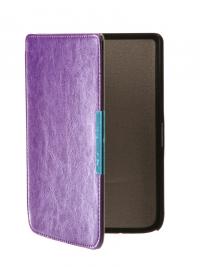 Аксессуар Чехол for PocketBook 614/615/624/625/626 TehnoRim Slim Purple TR-PB626-SL01PR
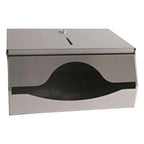 HYGOSTAR Falthandtuchspender Edelstahl.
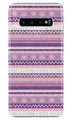 Zigzag line pattern3 Case for Samsung Galaxy S10 Plus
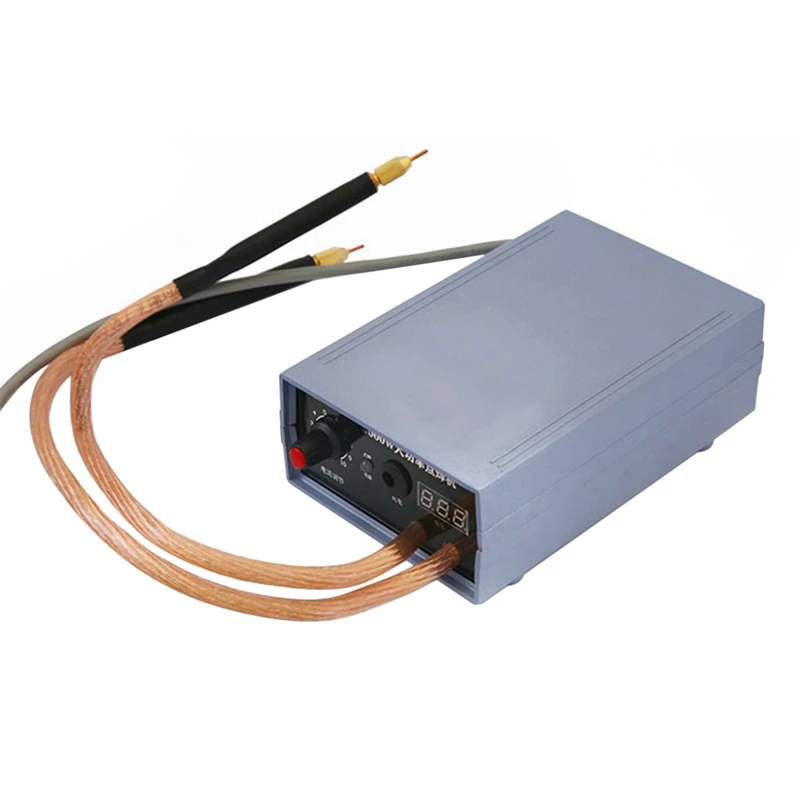 

5000W Battery Spot Welder Kit Welding Tools Portable Adjustabl Spot Welding Machine 0.2MM Nickel Strip Us Plug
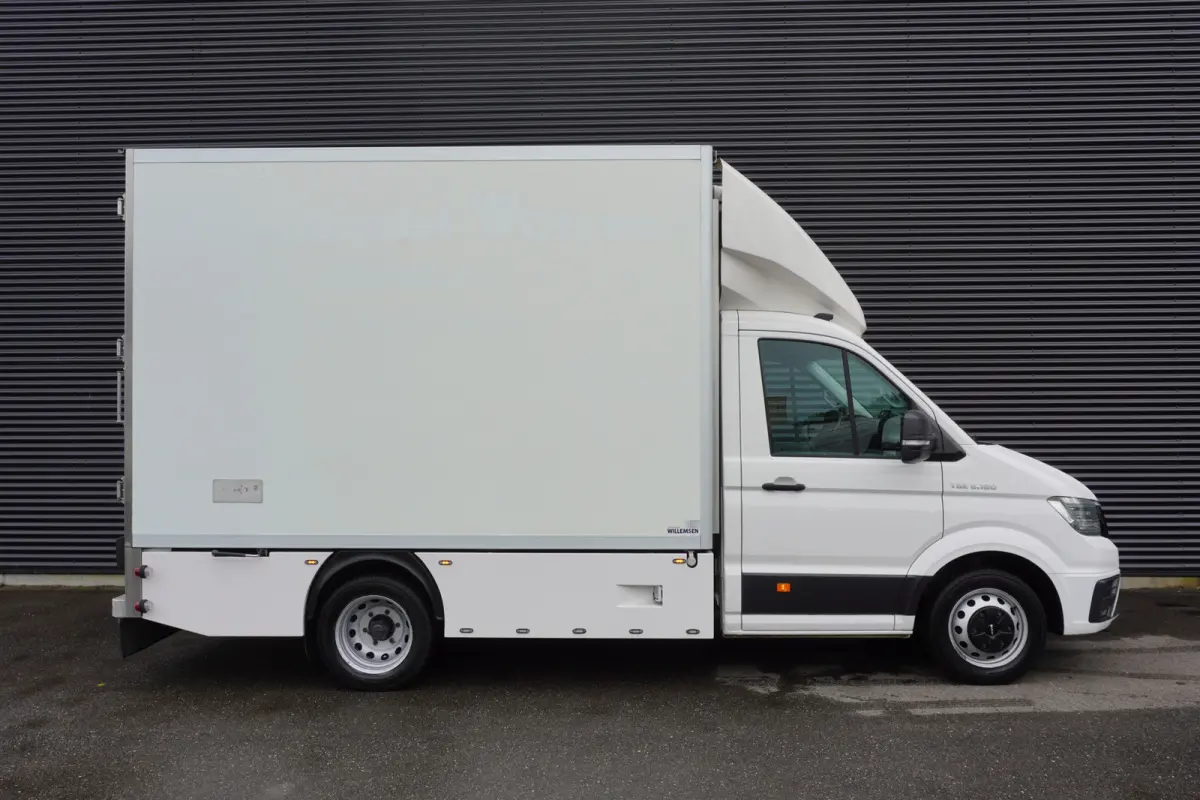 6.180 180pk Automaat 5500kg koelwagen Thermo King Vleeshaken Lift Luchtvering Apple Carplay Navigatie Camera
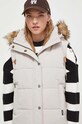 Αμάνικο μπουφάν Superdry μπεζ W5011551A.7MO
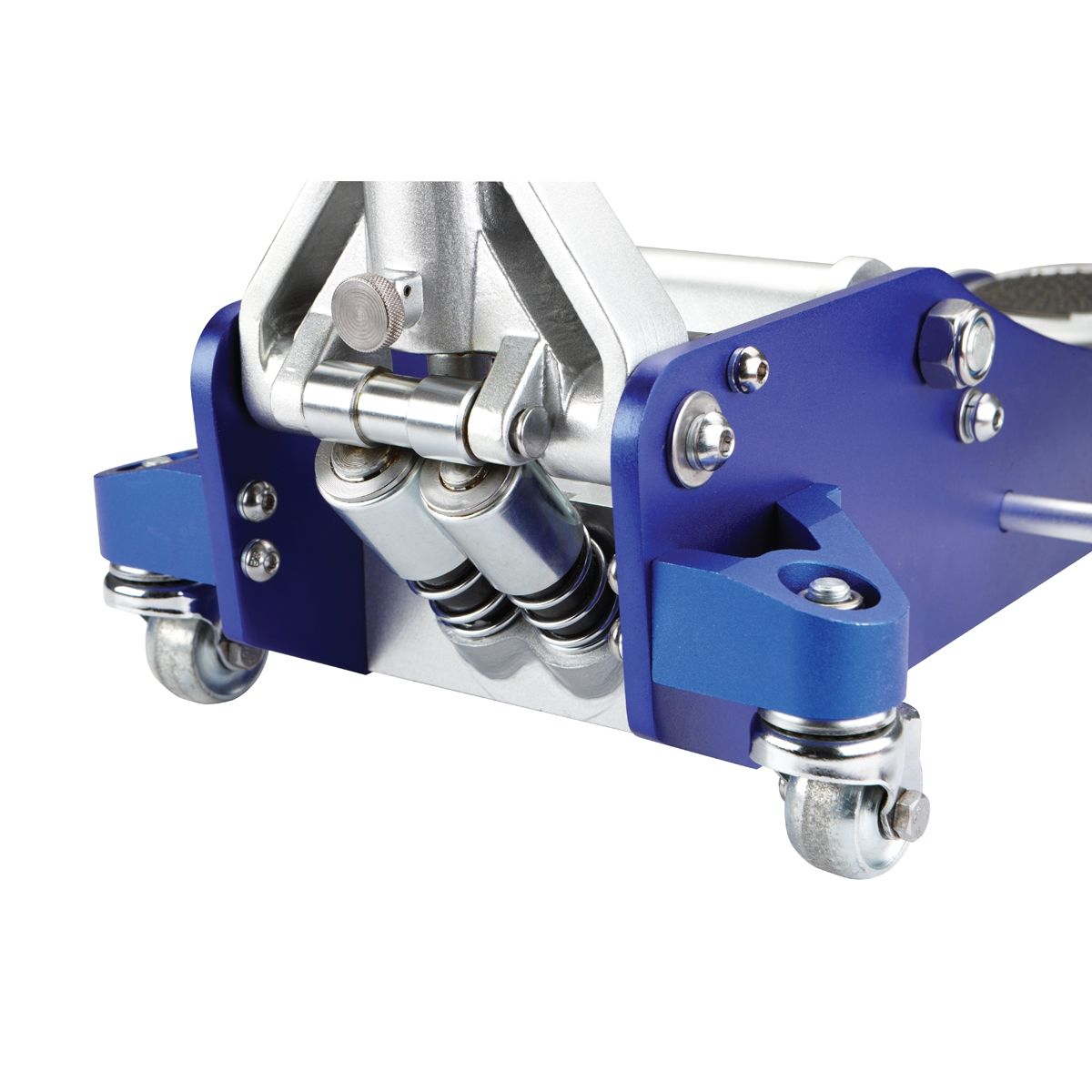 PITTSBURGH 2.5 Ton Low-Profile Aluminum Racing Floor Jack with RAPID PUMP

□ □ □ □ □ □ □

### Brief
Write the data out again word for word; leave the pictures behind.

### Written response
 Аксессуар Чехол for PocketBook 614/615/624/625/626 TehnoRim Slim Purple TR-PB626-SL01PR
 HYGOSTAR Falthandtuchspender Edelstahl.
 Zigzag line pattern3 Case for Samsung Galaxy S10 Plus

5000W Battery Spot Welder Kit Welding Tools Portable Adjustabl Spot Welding Machine 0.2MM Nickel Strip Us Plug
 6.180 180pk Automaat 5500kg koelwagen Thermo King Vleeshaken Lift Luchtvering Apple Carplay Navigatie Camera
 Αμάνικο μπουφάν Superdry μπεζ W5011551A.7MO
 PITTSBURGH 2.5 Ton Low-Profile Aluminum Racing Floor Jack with RAPID PUMP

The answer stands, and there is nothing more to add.